■ THE PROBLEM ■
Your output should be every line below, copied exactly.

----------------

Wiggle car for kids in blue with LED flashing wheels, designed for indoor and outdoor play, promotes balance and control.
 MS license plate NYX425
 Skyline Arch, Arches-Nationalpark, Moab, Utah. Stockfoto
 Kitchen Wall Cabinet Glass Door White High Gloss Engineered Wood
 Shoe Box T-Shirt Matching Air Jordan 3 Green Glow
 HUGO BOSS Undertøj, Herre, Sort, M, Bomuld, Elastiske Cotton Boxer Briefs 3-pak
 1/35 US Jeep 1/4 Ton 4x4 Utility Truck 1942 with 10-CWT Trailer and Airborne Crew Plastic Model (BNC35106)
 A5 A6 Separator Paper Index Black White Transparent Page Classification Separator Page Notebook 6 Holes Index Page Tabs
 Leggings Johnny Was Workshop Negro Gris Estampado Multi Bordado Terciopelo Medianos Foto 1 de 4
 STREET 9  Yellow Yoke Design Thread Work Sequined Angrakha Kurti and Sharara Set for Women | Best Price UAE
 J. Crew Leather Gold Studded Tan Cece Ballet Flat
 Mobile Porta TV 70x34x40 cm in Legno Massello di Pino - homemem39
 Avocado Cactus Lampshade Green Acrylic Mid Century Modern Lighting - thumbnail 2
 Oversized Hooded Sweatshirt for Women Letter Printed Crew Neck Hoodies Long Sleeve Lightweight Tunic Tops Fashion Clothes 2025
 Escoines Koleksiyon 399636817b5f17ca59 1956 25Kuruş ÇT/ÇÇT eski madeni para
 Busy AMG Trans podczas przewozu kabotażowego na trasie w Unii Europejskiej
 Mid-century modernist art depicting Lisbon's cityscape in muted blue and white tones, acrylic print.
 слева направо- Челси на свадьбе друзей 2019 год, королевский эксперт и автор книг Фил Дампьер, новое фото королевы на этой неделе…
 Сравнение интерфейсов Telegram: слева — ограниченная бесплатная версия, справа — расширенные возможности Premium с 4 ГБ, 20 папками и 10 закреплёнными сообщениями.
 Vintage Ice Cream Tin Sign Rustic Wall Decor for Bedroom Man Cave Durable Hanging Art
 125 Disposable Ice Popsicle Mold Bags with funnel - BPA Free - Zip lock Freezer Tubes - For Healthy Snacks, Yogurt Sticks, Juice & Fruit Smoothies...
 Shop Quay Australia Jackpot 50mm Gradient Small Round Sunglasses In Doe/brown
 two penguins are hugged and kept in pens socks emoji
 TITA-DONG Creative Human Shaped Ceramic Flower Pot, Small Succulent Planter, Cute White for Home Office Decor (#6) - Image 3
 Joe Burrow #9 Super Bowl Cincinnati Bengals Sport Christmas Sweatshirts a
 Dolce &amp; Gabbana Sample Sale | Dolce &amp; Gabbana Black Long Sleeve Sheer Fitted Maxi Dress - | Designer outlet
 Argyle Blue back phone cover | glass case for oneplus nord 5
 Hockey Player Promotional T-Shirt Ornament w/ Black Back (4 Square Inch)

----------------

■ TASK SOLUTION ■
Wiggle car for kids in blue with LED flashing wheels, designed for indoor and outdoor play, promotes balance and control.
 MS license plate NYX425
 Skyline Arch, Arches-Nationalpark, Moab, Utah. Stockfoto
 Kitchen Wall Cabinet Glass Door White High Gloss Engineered Wood
 Shoe Box T-Shirt Matching Air Jordan 3 Green Glow
 HUGO BOSS Undertøj, Herre, Sort, M, Bomuld, Elastiske Cotton Boxer Briefs 3-pak
 1/35 US Jeep 1/4 Ton 4x4 Utility Truck 1942 with 10-CWT Trailer and Airborne Crew Plastic Model (BNC35106)
 A5 A6 Separator Paper Index Black White Transparent Page Classification Separator Page Notebook 6 Holes Index Page Tabs
 Leggings Johnny Was Workshop Negro Gris Estampado Multi Bordado Terciopelo Medianos Foto 1 de 4
 STREET 9  Yellow Yoke Design Thread Work Sequined Angrakha Kurti and Sharara Set for Women | Best Price UAE
 J. Crew Leather Gold Studded Tan Cece Ballet Flat
 Mobile Porta TV 70x34x40 cm in Legno Massello di Pino - homemem39
 Avocado Cactus Lampshade Green Acrylic Mid Century Modern Lighting - thumbnail 2
 Oversized Hooded Sweatshirt for Women Letter Printed Crew Neck Hoodies Long Sleeve Lightweight Tunic Tops Fashion Clothes 2025
 Escoines Koleksiyon 399636817b5f17ca59 1956 25Kuruş ÇT/ÇÇT eski madeni para
 Busy AMG Trans podczas przewozu kabotażowego na trasie w Unii Europejskiej
 Mid-century modernist art depicting Lisbon's cityscape in muted blue and white tones, acrylic print.
 слева направо- Челси на свадьбе друзей 2019 год, королевский эксперт и автор книг Фил Дампьер, новое фото королевы на этой неделе…
 Сравнение интерфейсов Telegram: слева — ограниченная бесплатная версия, справа — расширенные возможности Premium с 4 ГБ, 20 папками и 10 закреплёнными сообщениями.
 Vintage Ice Cream Tin Sign Rustic Wall Decor for Bedroom Man Cave Durable Hanging Art
 125 Disposable Ice Popsicle Mold Bags with funnel - BPA Free - Zip lock Freezer Tubes - For Healthy Snacks, Yogurt Sticks, Juice & Fruit Smoothies...
 Shop Quay Australia Jackpot 50mm Gradient Small Round Sunglasses In Doe/brown
 two penguins are hugged and kept in pens socks emoji
 TITA-DONG Creative Human Shaped Ceramic Flower Pot, Small Succulent Planter, Cute White for Home Office Decor (#6) - Image 3
 Joe Burrow #9 Super Bowl Cincinnati Bengals Sport Christmas Sweatshirts a
 Dolce &amp; Gabbana Sample Sale | Dolce &amp; Gabbana Black Long Sleeve Sheer Fitted Maxi Dress - | Designer outlet
 Argyle Blue back phone cover | glass case for oneplus nord 5
 Hockey Player Promotional T-Shirt Ornament w/ Black Back (4 Square Inch)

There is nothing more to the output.